Let’s lead way to tackle trolls

The sad death of 14-year-old Hannah Smith has highlighted once again the activities of trolls, those anonymous swines who pollute the internet with their ravings.

I’ve said it before and I will say it again – there is no such thing as anonymity and if the authorities were really serious about catching the trolls, they could and would do so.

Scotland should take a lead and pass a law requiring all internet service providers operating in this country to supply the names of “anonymous” trolls on demand to the police at the request of victims of these hate crimes. Then the courts should be empowered to really tackle the trolls by having the power to confiscate their computers, tablets and smartphones.
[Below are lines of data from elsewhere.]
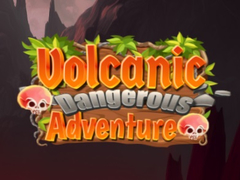 게임 Volcanic Danger Adventure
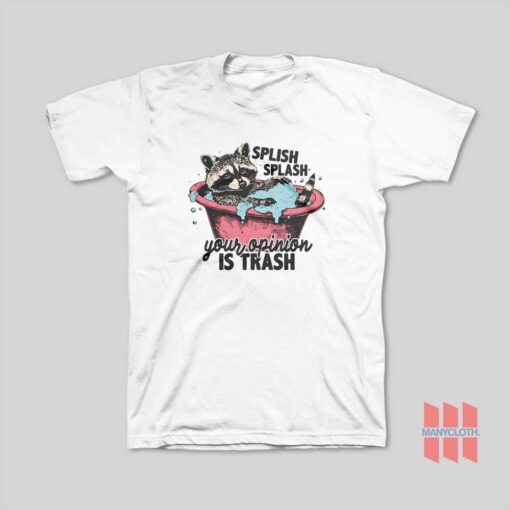 Splash Splash Your Opinion Is Trash Funny Raccoon T-Shirt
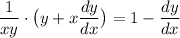 \displaystyle \frac{1}{xy}\cdot \big( y+x \frac{dy}{dx} \big) =1-\frac{dy}{dx}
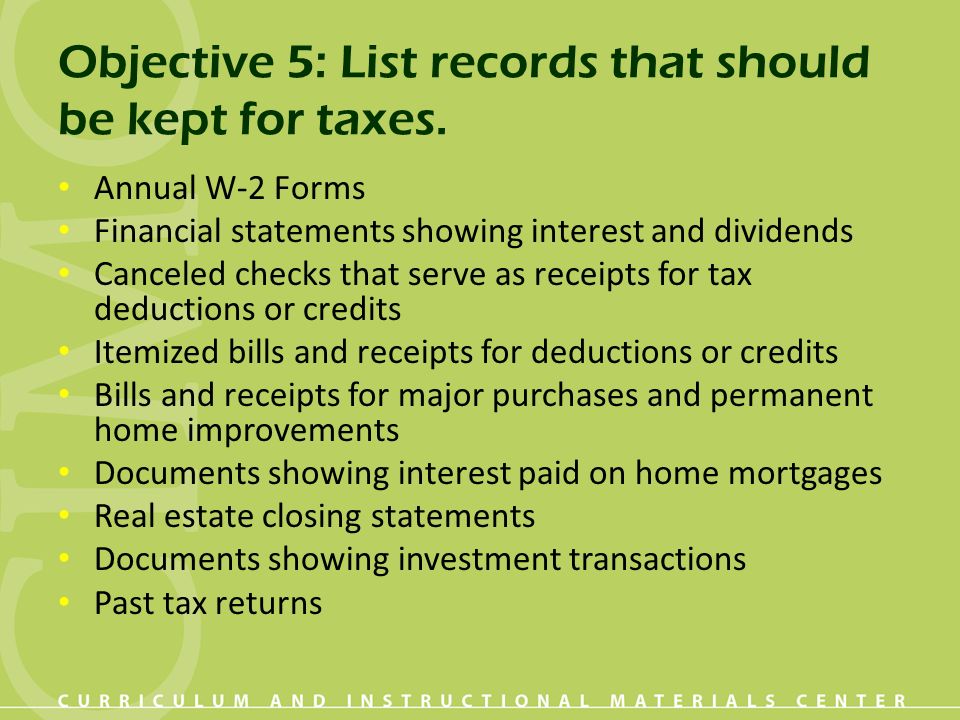 Objective 5: List records that should be kept for taxes.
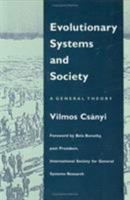 Evolutionary Systems and Society: A General Theory 0822308363 Book Cover
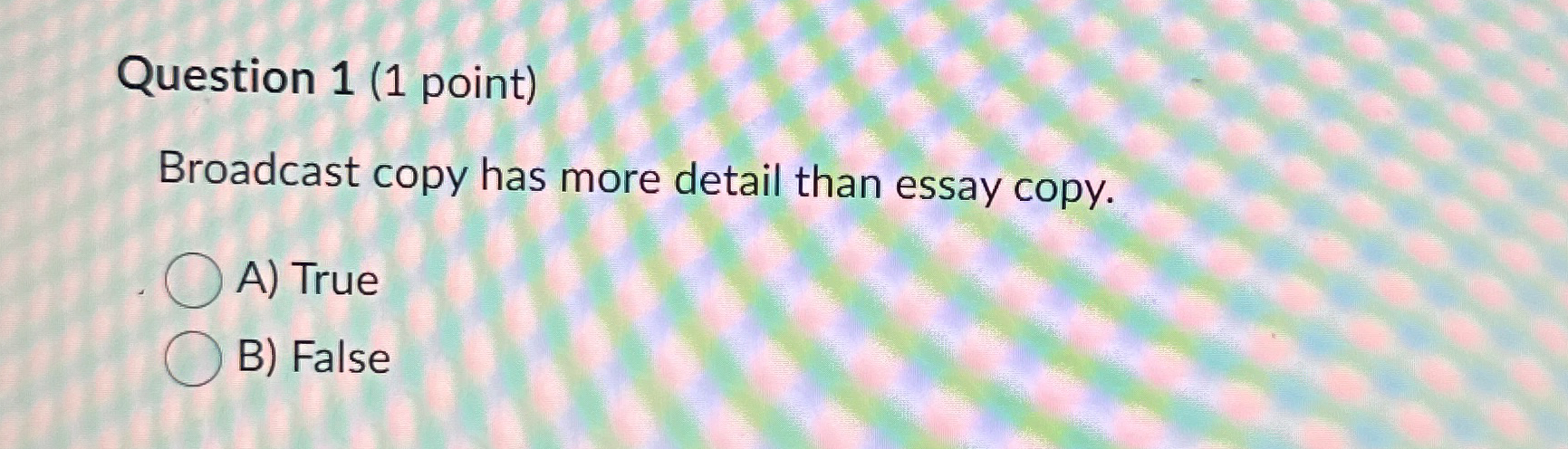  Question 1(1 point) Broadcast copy has more detail than essay copy.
Sparkling stuff at the Fringe

I promised you a few personal recommendations for this year’s Fringe and I have no hesitation in pointing you in the direction of Sparkle and Dark Theatre Company’s production of Killing Roger at the Underbelly.

It’s an extraordinary mix of puppetry and the very serious issue of euthanasia and assisted suicide. Not for the kids, though.

I have been following the career of a brilliant young Scots-Canadian songwriter called Alex Hynes, and I’m delighted to report that he is in fine form on the Free Fringe at the Tron Kirk. Get along and catch the start of what will be a great career.

Ringing in a cash-laden era

If our hopefully pregnant panda has a wee one, it will have to have a double-barrelled Chinese-sounding name. How about Ring Ring, because that’s what the cash tills will be singing.